Begin with the line containing "Làm đầy rãnh cười Babies line Làm", end with the last line of the records, and retype everything in between exactly, without the pictures.

·····

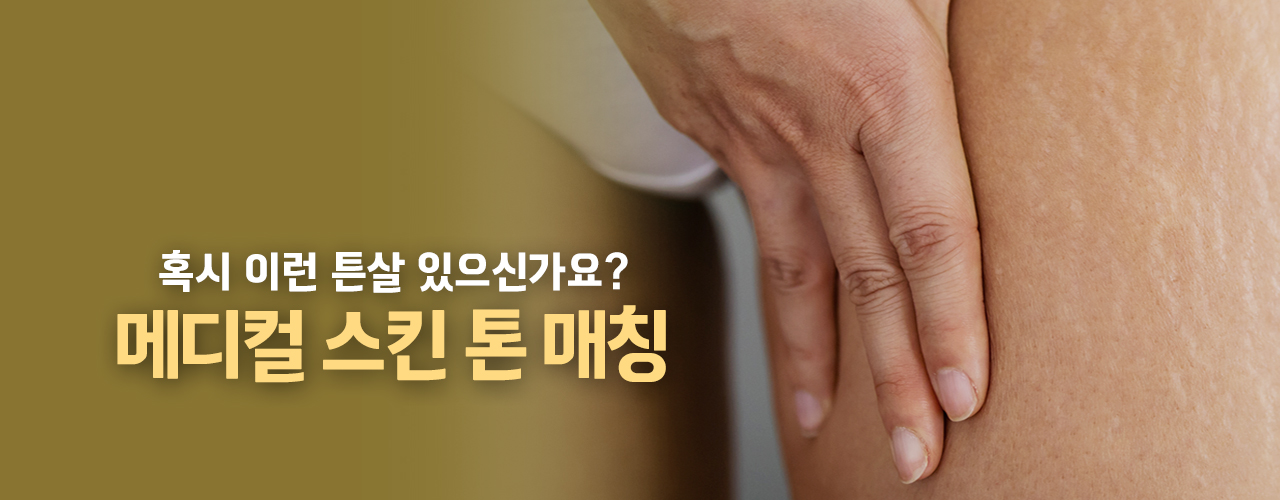 이런시술어때요? - 천안 엘츠의원 (5)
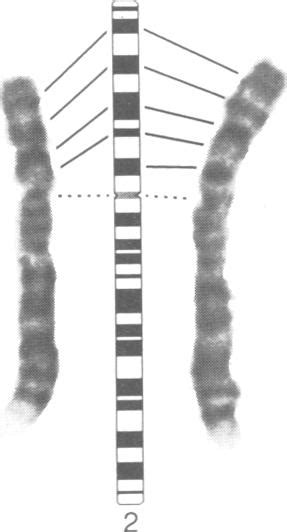 partial karyotype of the proband gtg banding right normal download scientific diagram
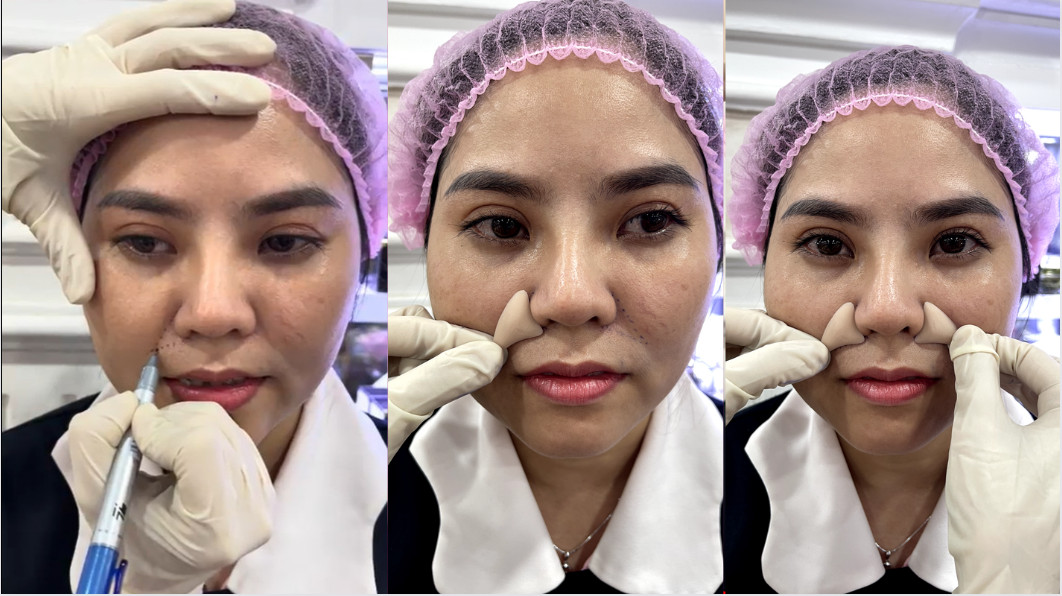 Làm đầy rãnh cười Babies line Làm đầy rãnh cười Babies line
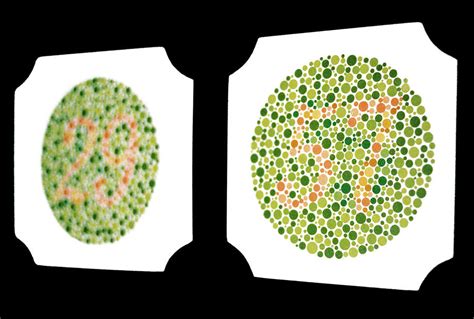 Colour Blindness Test Photograph By Annabella Blueskyscience Photo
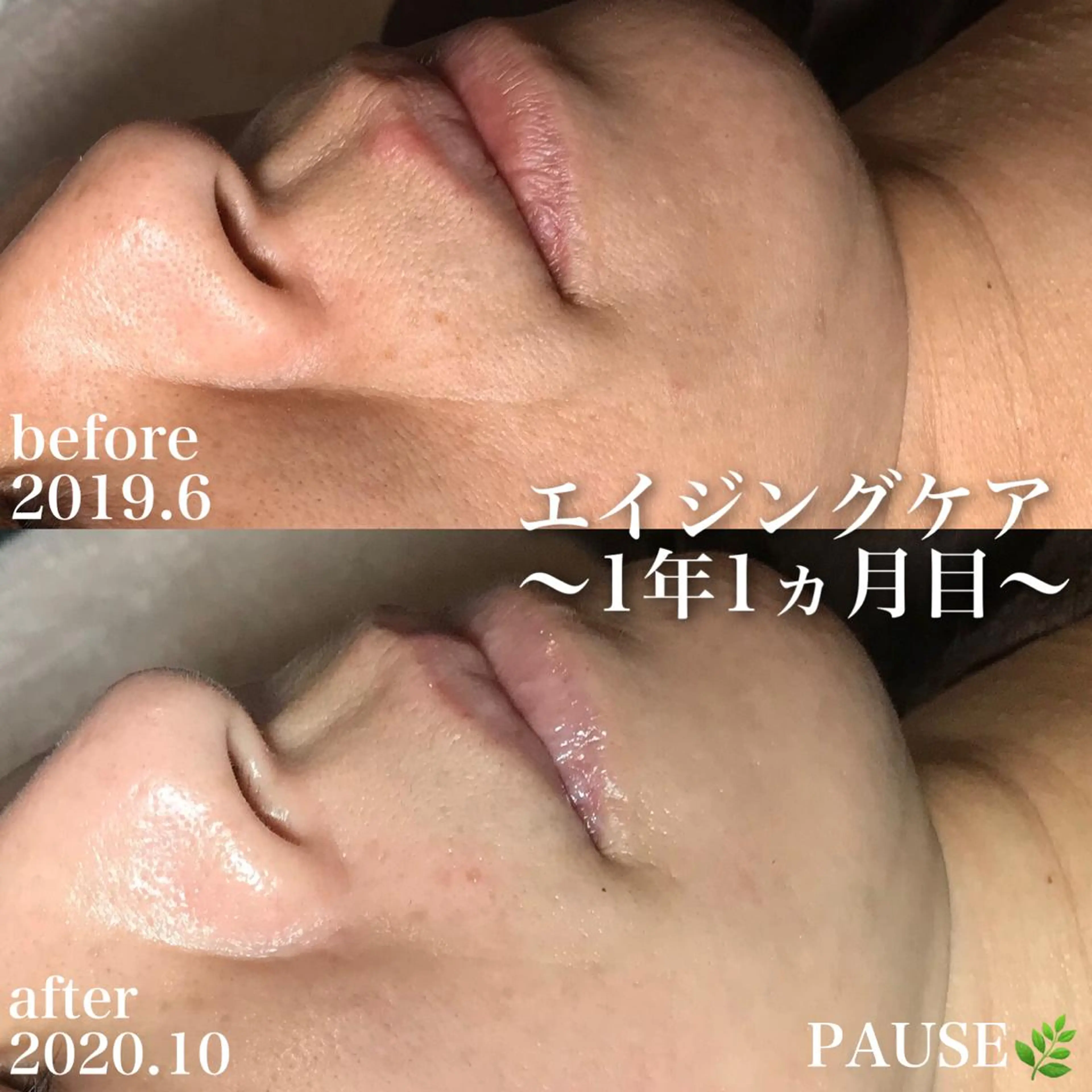 エステ 浜野 恵美のエステ・リラクイメージ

·····

_TASK RESULT_
 Làm đầy rãnh cười Babies line Làm đầy rãnh cười Babies line
 Colour Blindness Test Photograph By Annabella Blueskyscience Photo
 エステ 浜野 恵美のエステ・リラクイメージ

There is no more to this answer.